Snowmobiles. Yeah, sorry to mention. But the howling beasts are as much a fixture of the snow clad backcountry as we human powered adventurers. (And of course, sometimes we do both).
A couple of sled items. First, I got my fall issue of Snow West magazine. Inside, the editors put together an industry data report relating snowmobile sales for the U.S., Canada, Europe (and even Russia?!) broken down from the year 2002 to 2016. Interestingly, they show a decline in worldwide sales, with a small upsurge for the latest 2016 model year in North America.
Worldwide snowmobile sales:
2016 — 126,972 units, 16% lower than 2015
2015 — 150,713 units, 4% lower
2014 — 157,106 units, 9% up from 2013 (topping a 5 year growth spurt).
Snow West’s editorial take attributes the drop in sales to cheaper gasoline, which puts less disposable income in the hands of energy workers “who…tend to buy snowmobiles, especially in Canada and Russia.” I have a different theory. They all took up ski touring. Or in all seriousness, perhaps snowmobiles have gotten so good that people simply don’t buy new ones as often; has that not happened with ski touring boots and bindings?
Also about snowmobiles, we got our annual tags. My yearly reminder to siphon old gas out of the sled, and perhaps take it in for a checkup. I always enjoy paying the small “ATV” fee that we get dinged with in Colorado, as some of that money goes to support an excellent trail grooming program that benefits everyone from dog walkers to, yes, backcountry skiers using snowmobiles for approach.
On the other hand, the law of unintended consequences is alive and well.
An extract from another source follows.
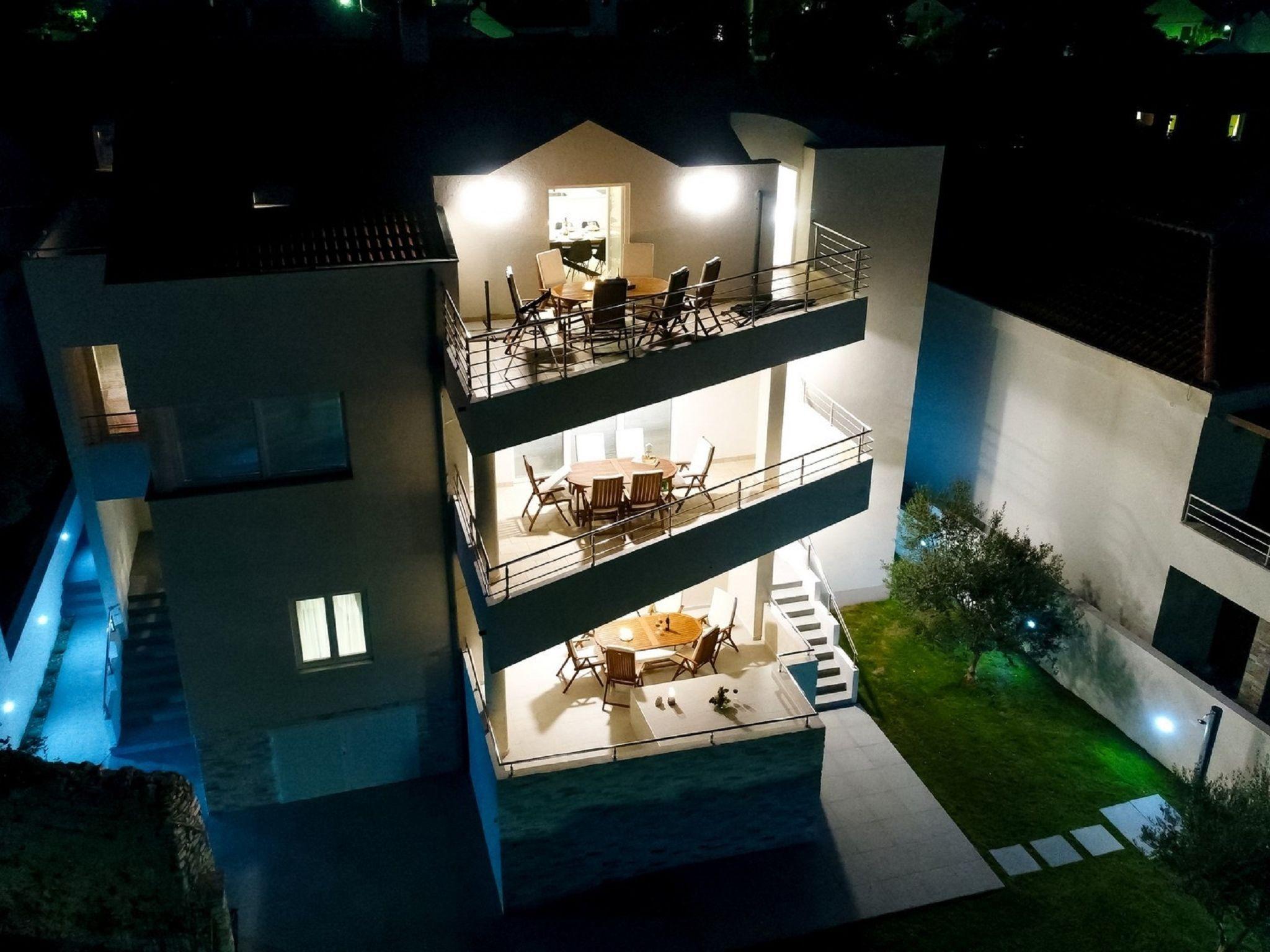 Modern Villa In Nin With Terrace - Zaton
In the case of “ATVs” the large “side by sides” that have become all the rage still only require an ATV tag, but have become de facto jeeps that are often driven on roads that our normal vehicle tax goes to maintain. While I like the idea of staying one step ahead of excessive government, essentially eliminating our automobile registration tax just because a vehicle is an “ATV” seems unfair. Your thoughts?
Housing is in the news again. Specifically the type of housing issues that could affect mountain resort town housing in North America, and perhaps everywhere. This time, San Jose, California passed radical legislation that essentially bypasses their restrictive land use codes and building permit requirements, thus allowing people to live in tiny houses. While the effort is clearly aimed at housing the homeless, I see this as a trend. Frustrated government has caught the over-regulation pendulum and they’re throwing it back with a shout. Now, Crested Butte? Aspen? How about Whistler hiring a few carpenters, and taking six months to double their inventory of 1,900 price controlled units?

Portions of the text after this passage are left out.